►

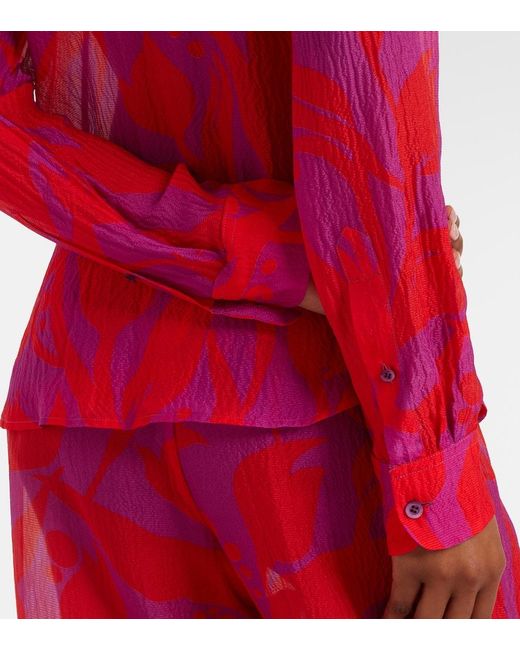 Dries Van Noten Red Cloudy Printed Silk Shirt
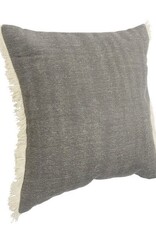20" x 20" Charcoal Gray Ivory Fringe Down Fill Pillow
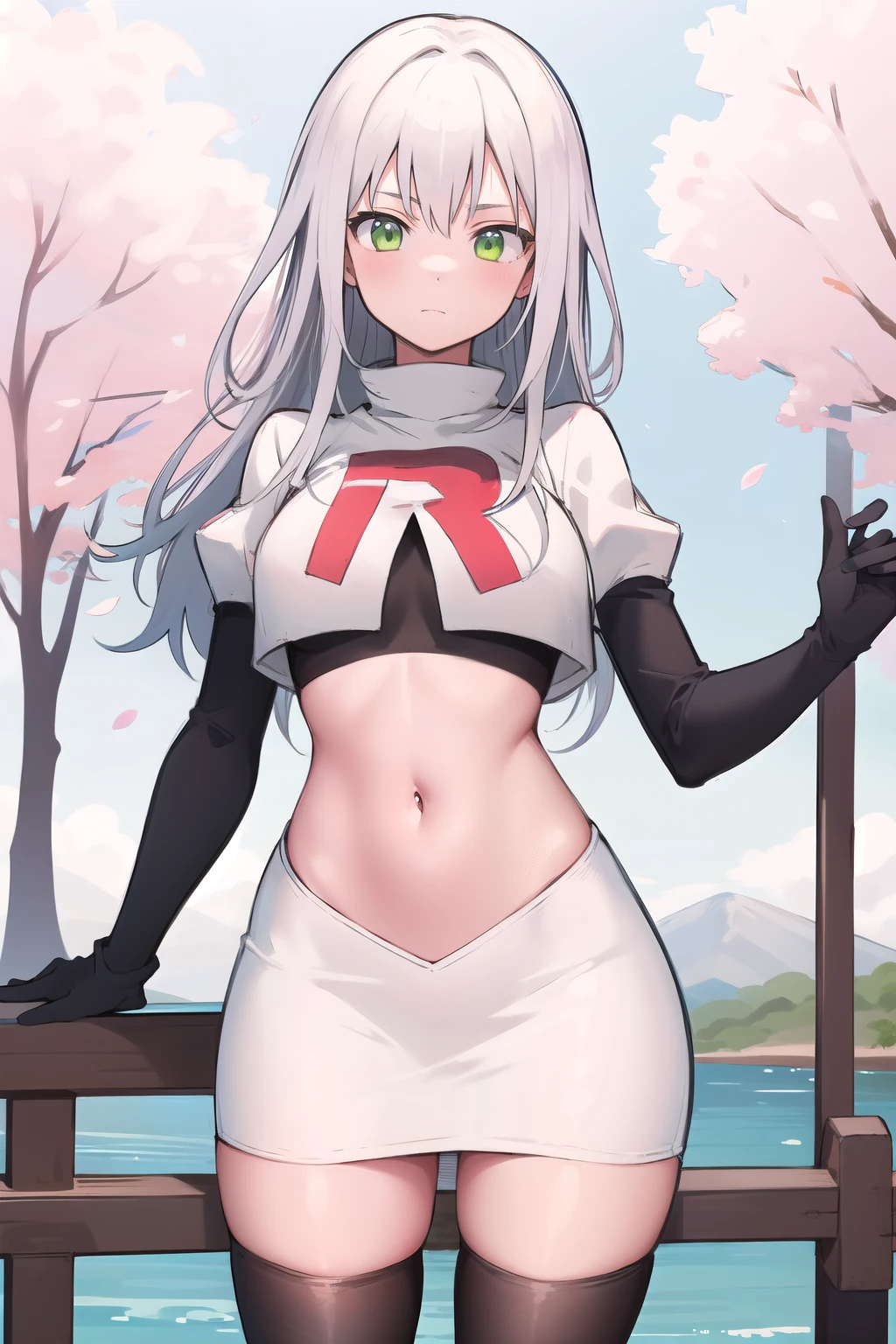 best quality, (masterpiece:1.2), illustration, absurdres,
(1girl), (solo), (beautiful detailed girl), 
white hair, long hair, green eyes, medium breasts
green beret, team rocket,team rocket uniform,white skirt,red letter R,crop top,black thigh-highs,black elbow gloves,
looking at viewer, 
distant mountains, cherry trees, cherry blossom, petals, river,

◄
►

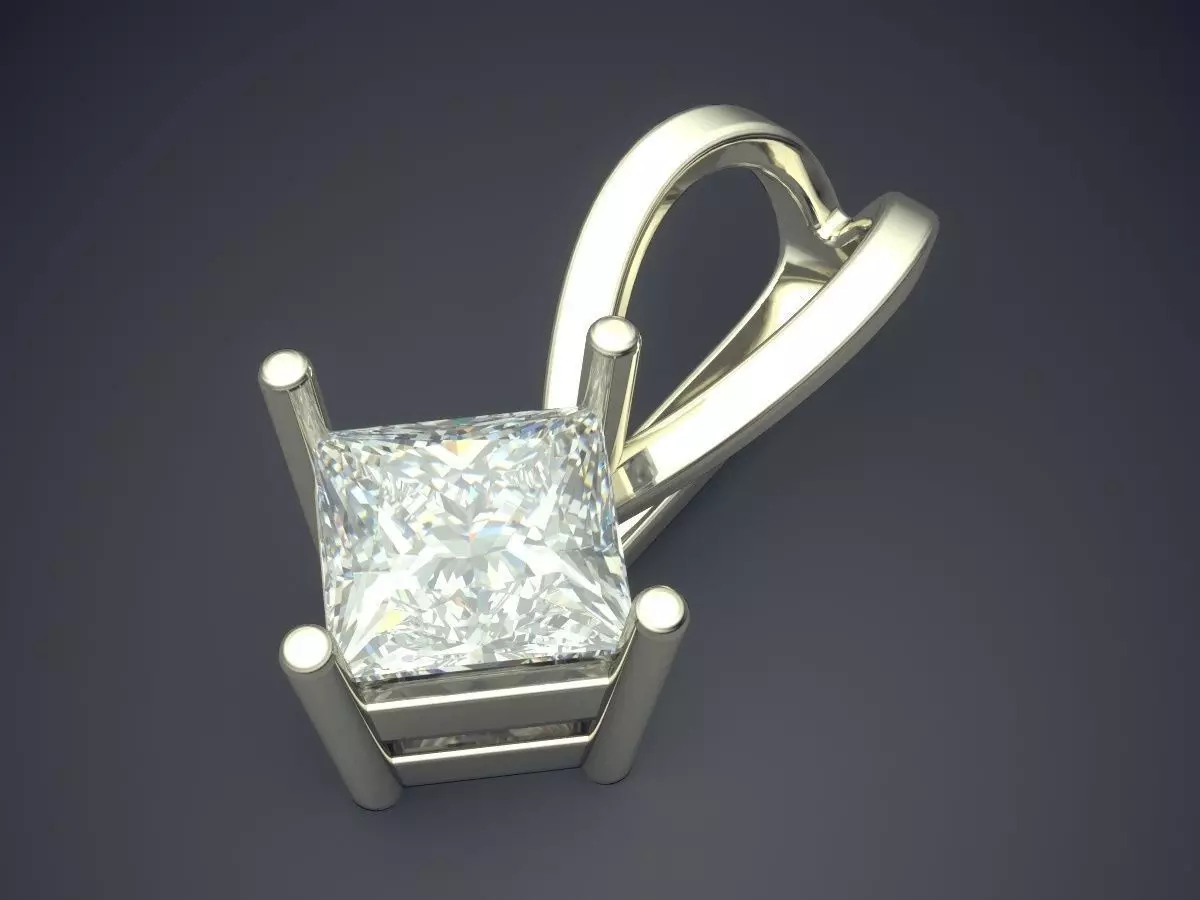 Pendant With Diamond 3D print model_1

◄

_Task requirements_
If a line above contains the word "green", list it.

_Result_
white hair, long hair, green eyes, medium breasts
green beret, team rocket,team rocket uniform,white skirt,red letter R,crop top,black thigh-highs,black elbow gloves,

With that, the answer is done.